Required work ▸ Look for the line with "Turistický batoh Columbia" in the data below, then reproduce word for word that line and every line after it. Leave out all pictures and add nothing.

Short text fragments from websites
..............................
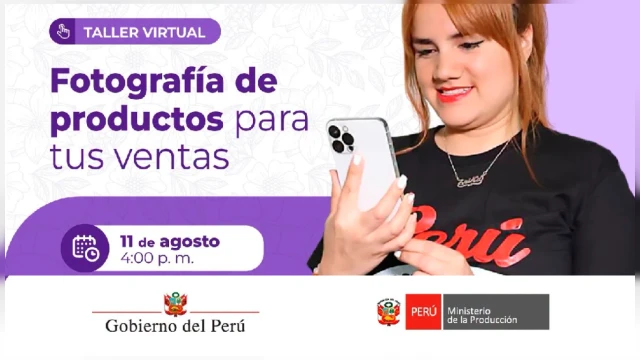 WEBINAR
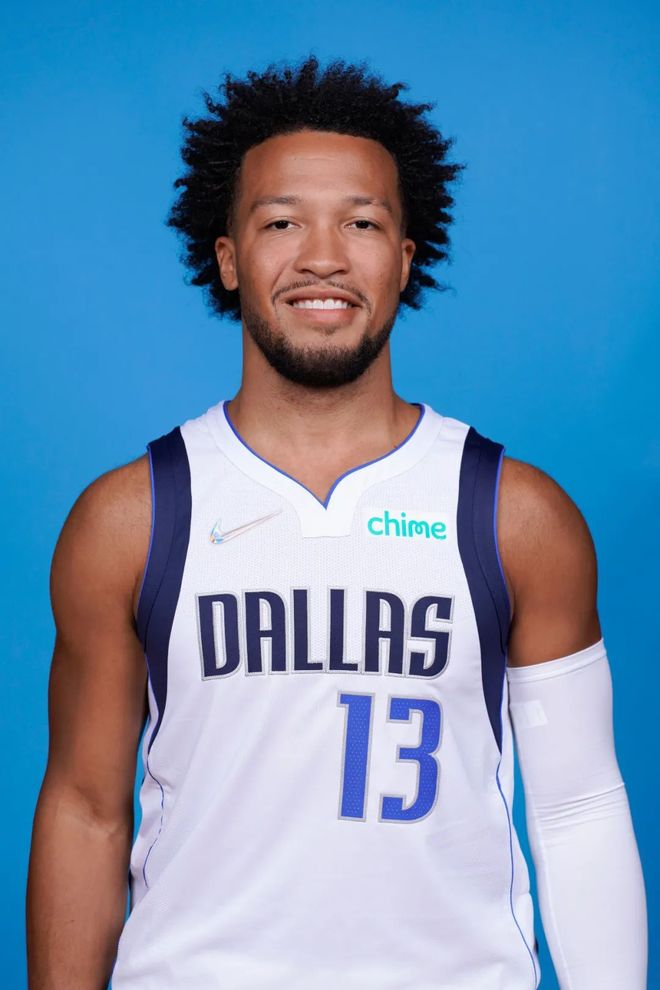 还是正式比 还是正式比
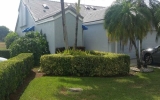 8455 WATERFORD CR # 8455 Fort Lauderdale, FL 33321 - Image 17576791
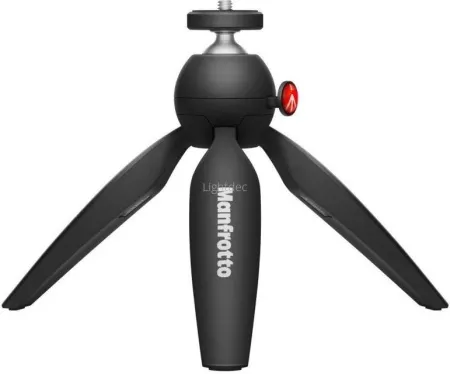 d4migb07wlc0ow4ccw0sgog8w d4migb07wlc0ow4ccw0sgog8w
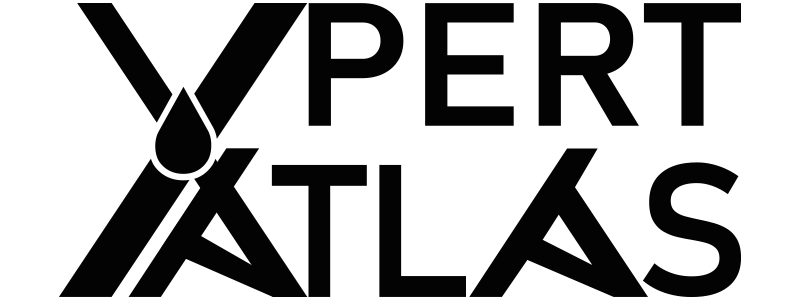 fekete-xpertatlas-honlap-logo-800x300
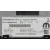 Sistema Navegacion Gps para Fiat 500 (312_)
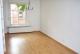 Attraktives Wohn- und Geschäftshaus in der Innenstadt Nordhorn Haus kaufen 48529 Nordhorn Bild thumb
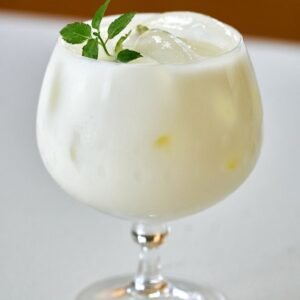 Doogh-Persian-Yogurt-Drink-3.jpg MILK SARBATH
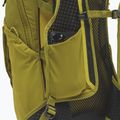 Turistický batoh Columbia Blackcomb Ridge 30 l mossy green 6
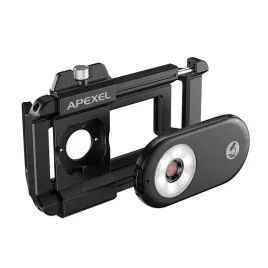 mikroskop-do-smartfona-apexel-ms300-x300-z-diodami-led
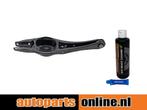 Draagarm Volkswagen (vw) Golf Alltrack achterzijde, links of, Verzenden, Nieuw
..............................
Reply ▸
 Turistický batoh Columbia Blackcomb Ridge 30 l mossy green 6
 mikroskop-do-smartfona-apexel-ms300-x300-z-diodami-led
 Draagarm Volkswagen (vw) Golf Alltrack achterzijde, links of, Verzenden, Nieuw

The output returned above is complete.